The recent “cold boot” or “memory remanence” attack against keys stored in RAM (particularly against FDE vendors) has gotten good publicity, including mainstream media. I passed along information to my team, which then got up all the way through the top of my organization partially because we’re just about to roll out an FDE product. What did I recommend or say?
I quickly (2 paragraphs) and in mostly non-technical terms described the attack. Then, in a small FAQ-style section, explained that we are not at much risk of this attack. Memory dumping is not new, nor is memory dumping from recently powered-off memory. Can Joe down the street do it? No. Would Jess after lifting your laptop from the airport queue line crouch in a corner to start freezing your memory? No. Even if tools became available to boot a laptop to USB and quickly dump memory for offline scraping/cracking, this is still not a huge problem.
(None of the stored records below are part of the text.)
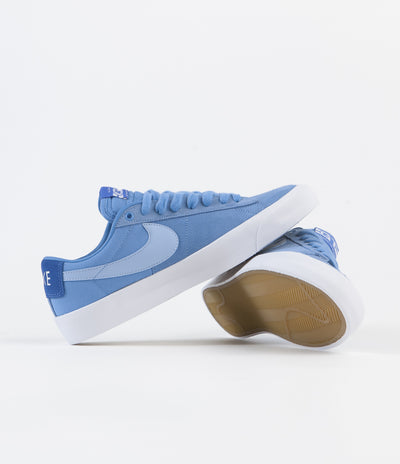 Nike SB Blazer Low Pro GT Shoes - Coast / Psychic Blue - Signal Blue - White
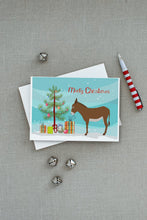 Load image into Gallery viewer, Cotentin Donkey Christmas Greeting Cards -  Blank Note Cards – 8-Pack of Artist-Designed Cards with Envelopes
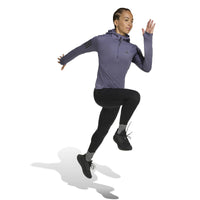 Own The Run Winterized Hooded 1/2 Zip Jacket - Womens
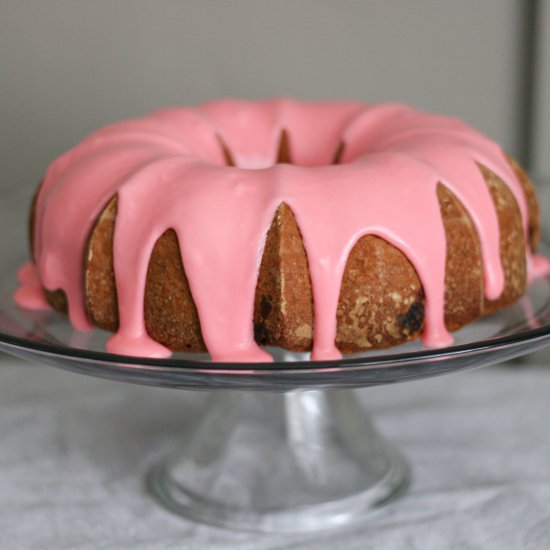 Amaretto Cherry Swirl Cake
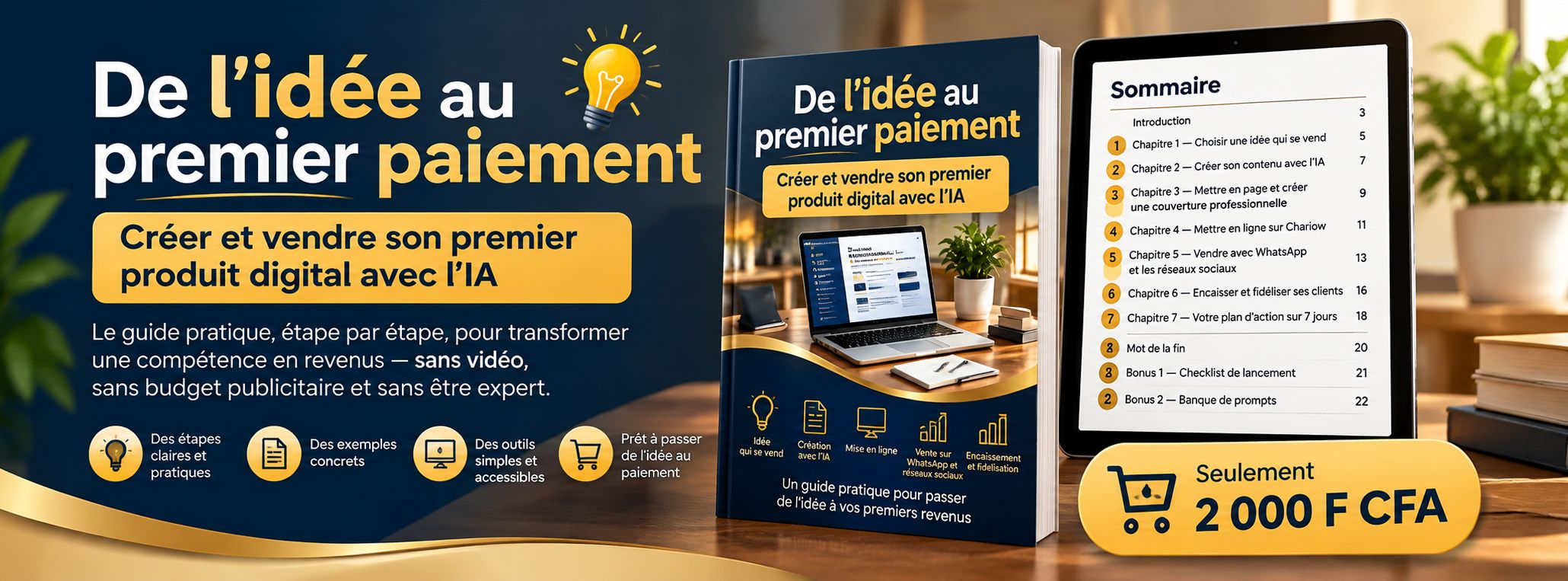 De l'idée au premier paiement : créer et vendre son premier produit digital avec l'IA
Bottom line: Is this something that an average computer (laptop) user or average corporate user care about? Seriously, no.
This sort of attack would be of interest to government units, defense contractors, and others who might be subjected to targeted, highly motivated, and decently funded attackers. National or major corporation espionage comes to mind. This attack is also of interest to us security geeks. Not only is it cool, but it keeps us thinking outside the box. It also keeps vendors honest and working towards better security.
What mitigations are there?
Reduce laptop theft risk.
Power off the laptop when it is not in use.
Don’t keep valuable data on mobile devices.
Use advanced multi-factor authentication.
Enforce proper password complexity and age requirements.
Limit booting from removable devices or use a BIOS password.
None of these steps should be very new to organizations, and certainly not to any organization that should care about the cold boot attack. All of the above steps should take much higher priority to all of us.
I don’t follow Bruce Schneier as much as I used to, but I do believe he has a good point when he talks about how badly humans evaluate and react to risk. We see risk and get all dramatic when it comes to low probability but exotic issues, yet ignore common issues that wouldn’t make a Hollywood movie script. This attack is exotic and not common.